Woodrow Wilson, now reviled as a racist, bears an even heavier burden of shame, writes Bill Evers in National Review. He’s responsible for replacing history, geography and civics with “the abomination we call social studies.”
The Wilson administration’s U.S. Bureau of Education puts its clout behind a 1916 federal report on social studies, issuing the report as a bulletin and promoting textbooks using the new approach.
“Social studies” should not focus on chronology or the workings of government, the report said.

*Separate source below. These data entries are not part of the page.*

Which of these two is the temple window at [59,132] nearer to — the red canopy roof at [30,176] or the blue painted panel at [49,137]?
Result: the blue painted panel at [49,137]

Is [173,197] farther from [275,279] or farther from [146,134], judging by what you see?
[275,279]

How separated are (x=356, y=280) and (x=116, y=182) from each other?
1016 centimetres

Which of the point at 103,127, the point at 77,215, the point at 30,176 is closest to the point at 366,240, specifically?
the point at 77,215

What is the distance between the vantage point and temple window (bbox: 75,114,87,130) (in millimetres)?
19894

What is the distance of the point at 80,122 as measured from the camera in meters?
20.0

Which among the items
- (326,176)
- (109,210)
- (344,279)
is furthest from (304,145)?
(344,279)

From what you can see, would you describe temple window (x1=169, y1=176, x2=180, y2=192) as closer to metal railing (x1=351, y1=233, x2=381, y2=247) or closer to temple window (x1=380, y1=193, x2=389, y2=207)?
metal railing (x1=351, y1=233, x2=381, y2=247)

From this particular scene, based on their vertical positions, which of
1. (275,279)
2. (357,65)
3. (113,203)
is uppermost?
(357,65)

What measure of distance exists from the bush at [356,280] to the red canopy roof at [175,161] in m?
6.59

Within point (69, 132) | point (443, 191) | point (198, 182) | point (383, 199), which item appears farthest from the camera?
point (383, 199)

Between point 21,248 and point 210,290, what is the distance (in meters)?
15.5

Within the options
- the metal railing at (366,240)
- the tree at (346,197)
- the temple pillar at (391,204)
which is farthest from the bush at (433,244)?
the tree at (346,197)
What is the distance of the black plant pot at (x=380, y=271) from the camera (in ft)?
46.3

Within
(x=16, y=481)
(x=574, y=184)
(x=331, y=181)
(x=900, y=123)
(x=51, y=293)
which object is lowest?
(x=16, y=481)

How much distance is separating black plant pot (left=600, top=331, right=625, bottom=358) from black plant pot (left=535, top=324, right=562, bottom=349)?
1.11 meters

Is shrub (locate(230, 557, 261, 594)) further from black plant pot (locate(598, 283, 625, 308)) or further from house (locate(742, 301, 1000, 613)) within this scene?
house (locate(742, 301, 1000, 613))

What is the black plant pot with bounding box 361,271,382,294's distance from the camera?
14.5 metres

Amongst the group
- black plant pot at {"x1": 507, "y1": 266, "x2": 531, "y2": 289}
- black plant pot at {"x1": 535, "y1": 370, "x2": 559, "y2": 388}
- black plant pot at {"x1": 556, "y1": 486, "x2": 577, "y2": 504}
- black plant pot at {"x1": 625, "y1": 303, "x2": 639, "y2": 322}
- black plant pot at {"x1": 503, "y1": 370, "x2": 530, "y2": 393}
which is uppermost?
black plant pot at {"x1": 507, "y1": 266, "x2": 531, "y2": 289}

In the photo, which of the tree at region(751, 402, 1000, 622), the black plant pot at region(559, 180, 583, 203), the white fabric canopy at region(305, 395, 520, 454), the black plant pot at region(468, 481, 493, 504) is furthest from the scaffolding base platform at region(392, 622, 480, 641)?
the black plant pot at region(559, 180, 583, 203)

Instead, teachers should focus on “concrete problems” that are “of vital importance to society.”
That sounds familiar.
History should be studied if it’s “practical or functional,” social studies enthusiasts believed. “Ancient Athens was studied not as part of the political and intellectual development of Western civilization, but rather in connection with the contemporary problems of city planning,” writes Evers.

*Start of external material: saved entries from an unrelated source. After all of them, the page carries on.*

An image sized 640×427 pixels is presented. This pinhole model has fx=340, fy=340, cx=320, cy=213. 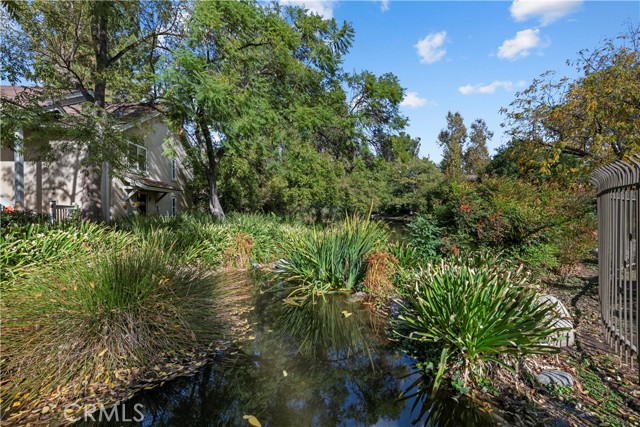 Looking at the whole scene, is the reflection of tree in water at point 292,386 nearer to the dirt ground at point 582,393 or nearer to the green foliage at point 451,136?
the dirt ground at point 582,393

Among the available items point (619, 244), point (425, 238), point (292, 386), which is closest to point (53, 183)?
point (425, 238)

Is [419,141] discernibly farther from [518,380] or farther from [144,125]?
[518,380]

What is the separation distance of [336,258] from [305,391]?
3.69 m

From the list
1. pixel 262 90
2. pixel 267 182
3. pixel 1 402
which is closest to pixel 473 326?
pixel 1 402

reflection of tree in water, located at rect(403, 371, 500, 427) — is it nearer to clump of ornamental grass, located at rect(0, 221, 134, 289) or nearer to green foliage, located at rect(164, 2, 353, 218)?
clump of ornamental grass, located at rect(0, 221, 134, 289)

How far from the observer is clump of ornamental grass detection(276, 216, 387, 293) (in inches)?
271

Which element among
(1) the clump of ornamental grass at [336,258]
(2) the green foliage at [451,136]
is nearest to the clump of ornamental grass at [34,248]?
(1) the clump of ornamental grass at [336,258]

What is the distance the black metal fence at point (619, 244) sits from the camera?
10.3ft

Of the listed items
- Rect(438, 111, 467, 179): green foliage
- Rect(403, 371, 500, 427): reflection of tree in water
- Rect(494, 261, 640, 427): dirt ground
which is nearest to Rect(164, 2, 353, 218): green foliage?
Rect(403, 371, 500, 427): reflection of tree in water

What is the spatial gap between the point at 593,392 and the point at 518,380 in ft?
1.93

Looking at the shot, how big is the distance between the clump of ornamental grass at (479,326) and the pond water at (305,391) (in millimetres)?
361

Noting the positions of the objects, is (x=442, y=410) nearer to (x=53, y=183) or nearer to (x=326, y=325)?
(x=326, y=325)

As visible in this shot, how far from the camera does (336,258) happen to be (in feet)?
22.7

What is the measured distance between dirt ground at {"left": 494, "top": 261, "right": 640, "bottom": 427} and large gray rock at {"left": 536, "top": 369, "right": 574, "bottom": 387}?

The “key note of modern education” is “social efficiency,” the report concluded. Social studies was to train students to “take a job based on the service the job ‘rendered’ to ‘the community’,” rather than personal preferences.
Instead of recommending that students study the social sciences in order to form an independent mind knowledgeable about the past, the 1916 social-studies report effectively encouraged students to conform and adjust to prevailing views. Ever since this paradigm change, social studies has been bedeviled by fads, fashions, and indoctrination in the name of relevance.
Many Americans “don’t know what happened or when” in history, Evers concludes. They don’t understand “federalism or our system of checks and balances.”
I wonder how many could tell Woodrow Wilson from Flip Wilson.